The judgment is the most significant ruling yet in a terror case since the implementation of a new Anglo-American extradition treaty which speeded up the process of surrendering suspects.
Babar Ahmad and Haroon Rashid Aswat had argued that they ran the risk of being ill-treated or sent to the US internment camp at Guantanamo Bay if they were extradited.
But Lord Justice Laws, sitting with Mr Justice Walker, said the allegation that the US might violate undertakings about their treatment given to the British government "would require proof of a quality entirely lacking here".

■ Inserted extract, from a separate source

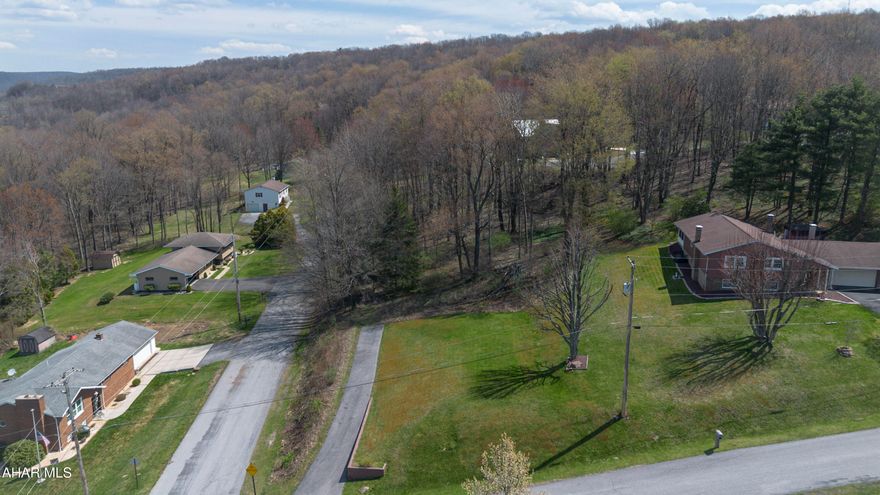 Spacious, level corner lot ideally situated at the intersection of High Street and Caldwell Avenue. This prime location offers both convenience and accessibility, just a short distance from nearby schools and local amenities. Public utilities--including water, sewer, and electric--are already available on-site, providing a strong foundation for your next project.

Seeking a smart land investment? Ready to build the home of your dreams?  This property offers exceptional potential. Don't miss this opportunity!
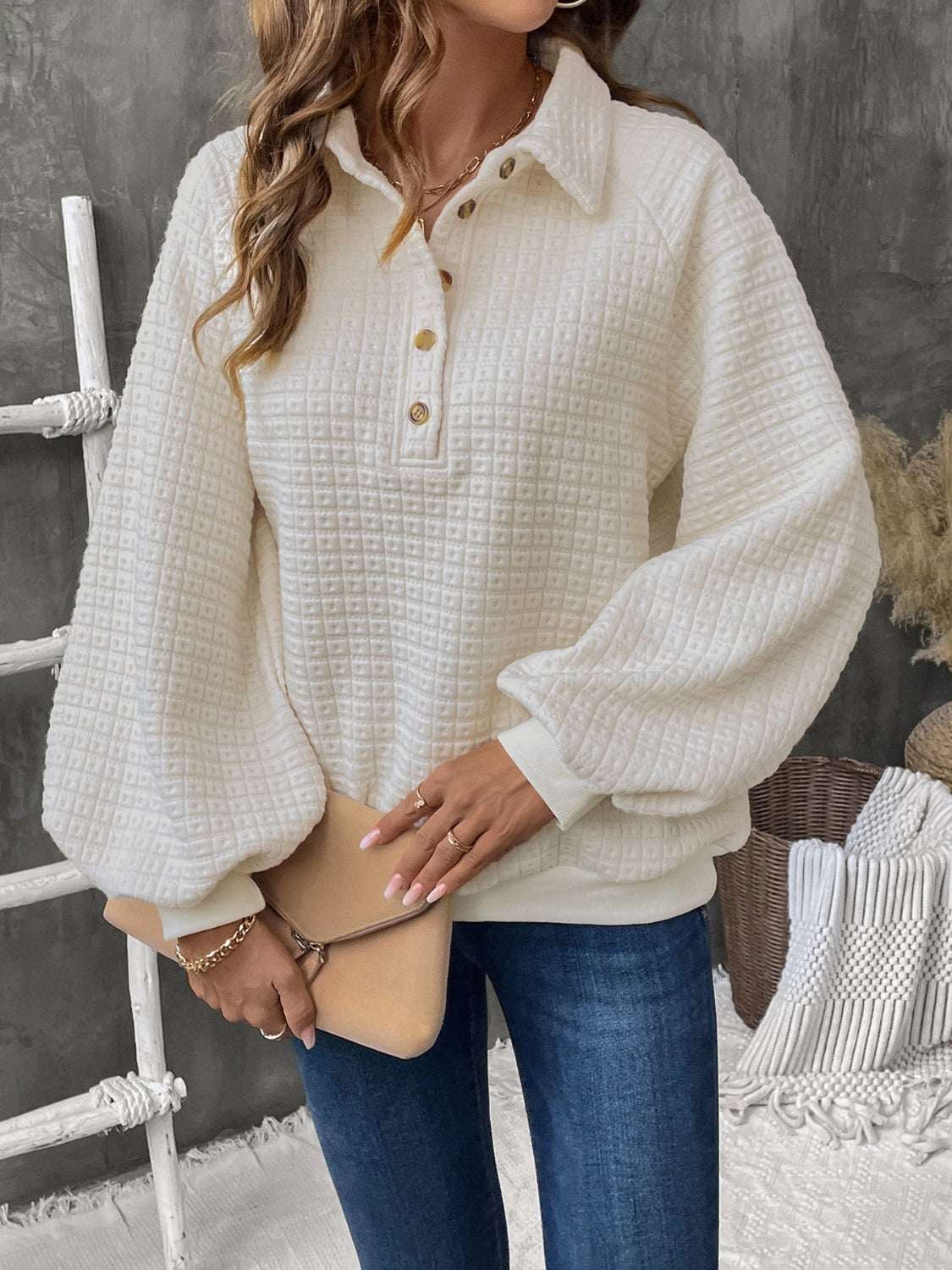 Perfee Half Button Long Sleeve Sweatshirt in ivory with buttoned front design and slightly stretchy material.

The ruling, which could still be challenged in the House of Lords, also has implications for the case of Abu Hamza, the former imam of Finsbury Park mosque, who lost his appeal against conviction this week and is also facing extradition to the US.
Ahmad, 31, a computer expert from Tooting, south London, is accused of running jihadi websites which raised funds for terrorist organisations and incited people to wage holy war.
He is a cousin of Mohammed Naeem Noor Khan a Pakistani al-Qaeda operative whose arrest in 2004 led to the discovery of a plan to carry out car bomb attacks and detonate a "dirty bomb" in London.
Dhiren Barot, a British al-Qaeda member, was jailed for life for organising that conspiracy last month.
Aswat, 32, from Dewsbury, west Yorkshire, was radicalised by Abu Hamza and was one of the extremist clerics closest aides for a number of years.
He has been charged in the US on the same indictment as Abu Hamza over his alleged role in trying to set up a jihad training camp on a remote ranch in Bly, Oregon. In 1999 Abu Hamza sent Aswat and another man to America to visit the ranch and report back to him on its suitability.
The two men are alleged to have carried out firearms training and preached radical doctrines to a group of American Muslims.
Aswat was arrested in July 2005 in Zambia following a worldwide search for him in the aftermath of the 7/7 suicide bombings in London. But he was not charged with any offences here and the US sought his extradition.
The judges said they would take time to consider whether both men should be given permission to take their case to the House of Lords for a final ruling.
Edward Fitzgerald, QC, representing both men, argued that the case raised human rights issues of public importance which should go before the Law Lords.
Ashfaq Ahmad, the father of Babar Ahmad, said: "We are very disappointed with the High Court verdict today."